» **TASK DIRECTIONS**
Your reply should be a faithful copy of the records below, free of pictures.

» **RECORDS PROVIDED**
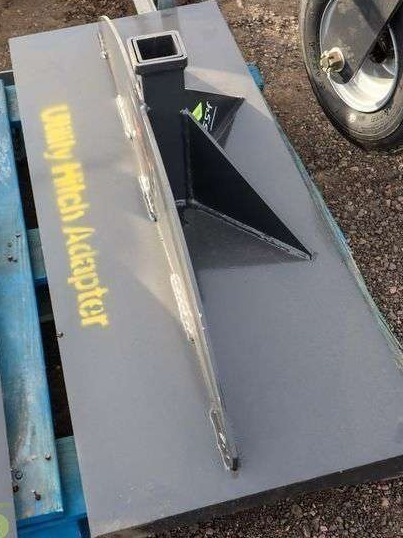 lot 2517 image: Unused Landhonor Skid Steer Utility Hitch Adapter 2 Receiver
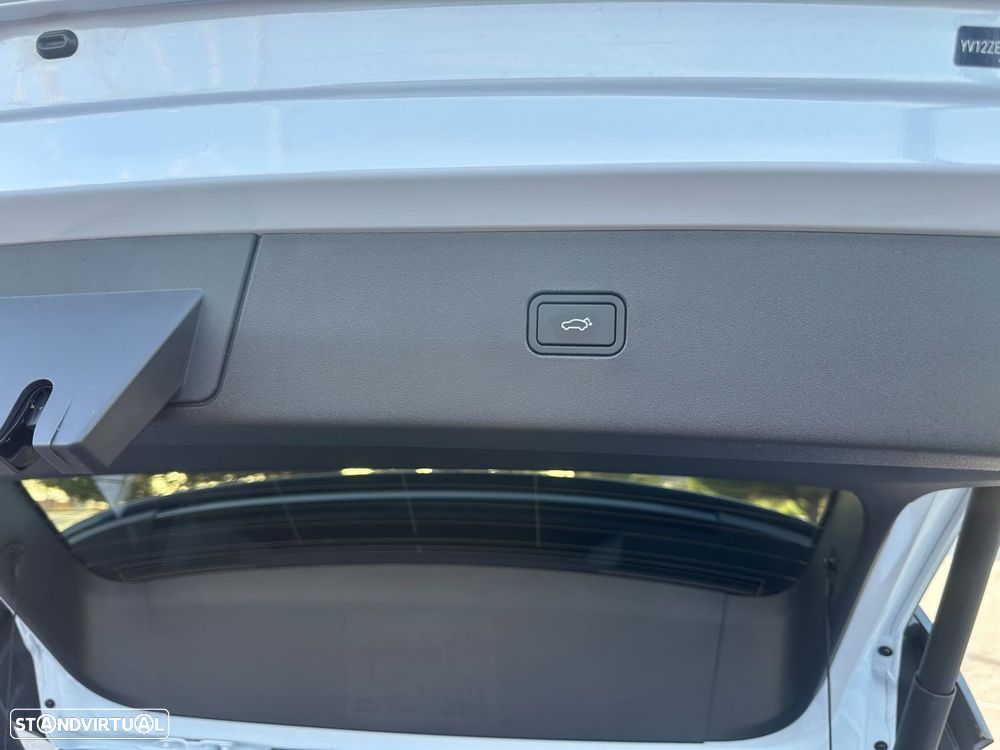 Volvo EX30 69 kWh Single Motor Extended Range Plus - 16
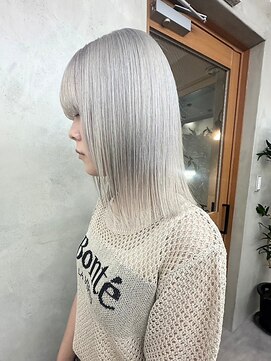 リアン(Lien) ハイトーンブリーチ/ホワイトシルバー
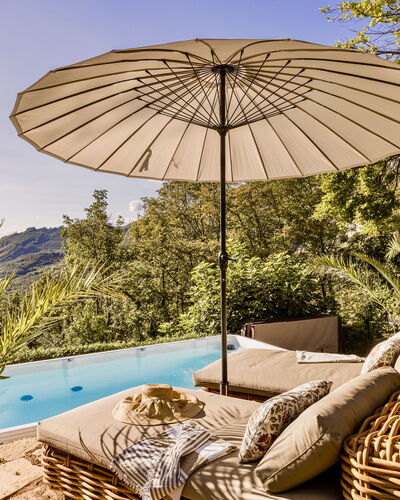 Villa Chiovada: Buitenmeubels, Meubilair, Paraplu, Toevlucht, Schaduw, Eco Hotel, Stoel, Zwembad, Vrije Tijd, Ligstoel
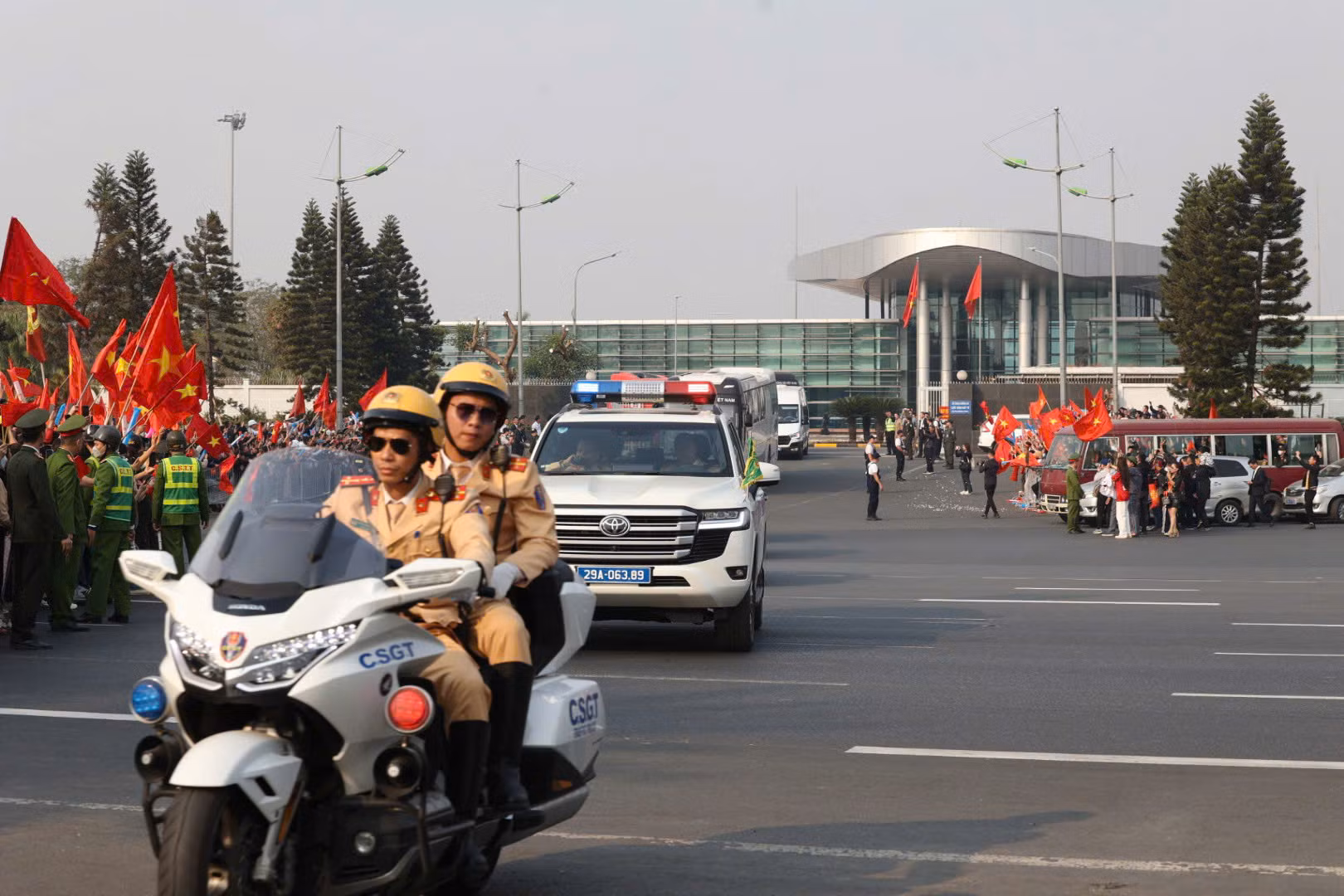 Đoàn Cảnh sát giao thông dẫn đường tuyển Việt Nam.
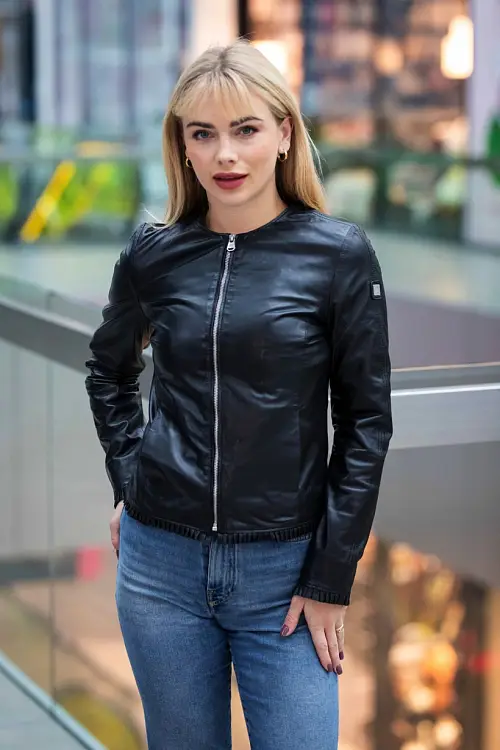 Černá kozena damska bunda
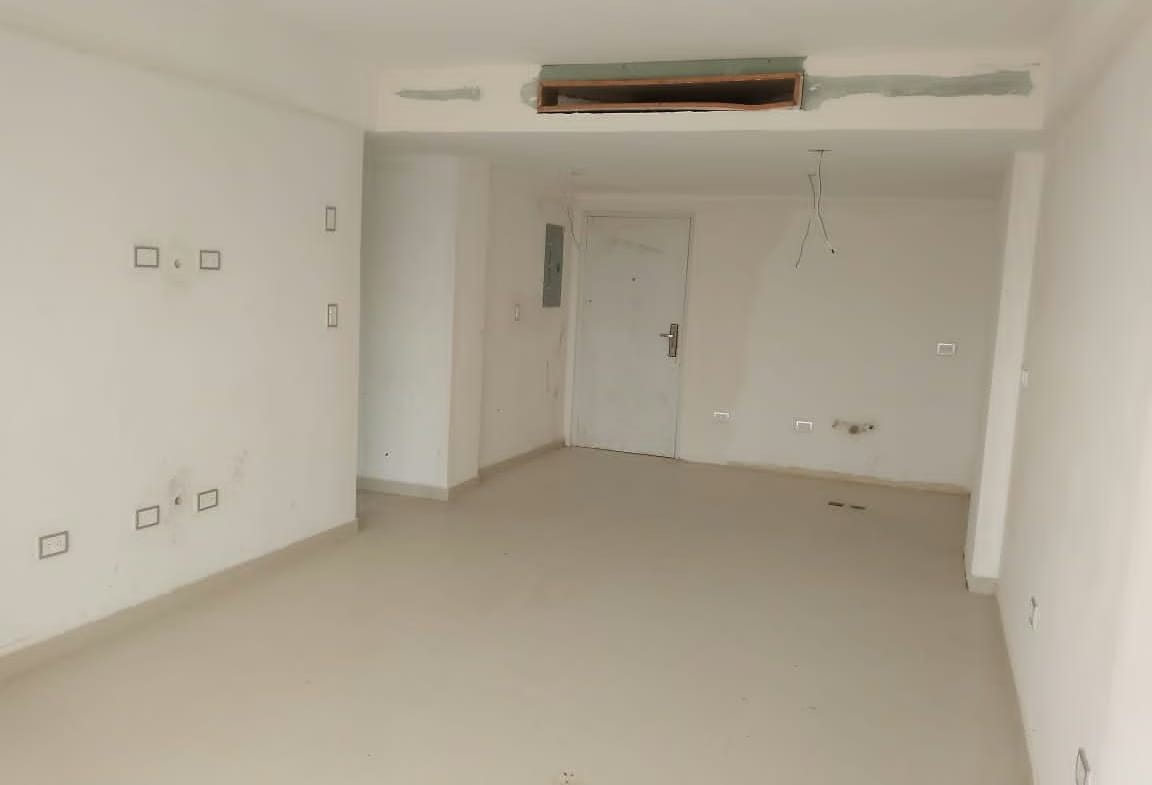 APARTAMENTO EN URB. DUMAR. OBRA BLANCA - 5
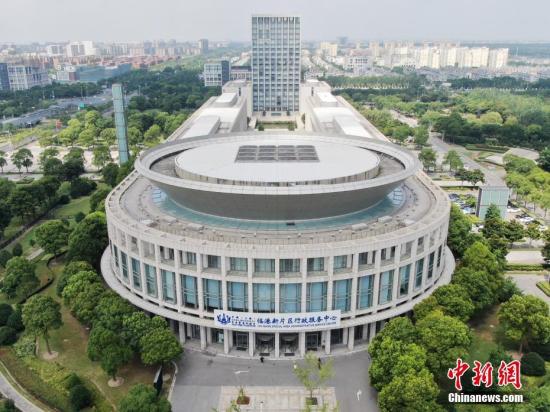 资料图:空中俯瞰临港新片区行政服务中心。张亨伟 摄 资料图:空中俯瞰临港新片区行政服务中心。张亨伟 摄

» **EXERCISE OUTPUT**
 lot 2517 image: Unused Landhonor Skid Steer Utility Hitch Adapter 2 Receiver
 Volvo EX30 69 kWh Single Motor Extended Range Plus - 16
 リアン(Lien) ハイトーンブリーチ/ホワイトシルバー
 Villa Chiovada: Buitenmeubels, Meubilair, Paraplu, Toevlucht, Schaduw, Eco Hotel, Stoel, Zwembad, Vrije Tijd, Ligstoel
 Đoàn Cảnh sát giao thông dẫn đường tuyển Việt Nam.
 Černá kozena damska bunda
 APARTAMENTO EN URB. DUMAR. OBRA BLANCA - 5
 资料图:空中俯瞰临港新片区行政服务中心。张亨伟 摄 资料图:空中俯瞰临港新片区行政服务中心。张亨伟 摄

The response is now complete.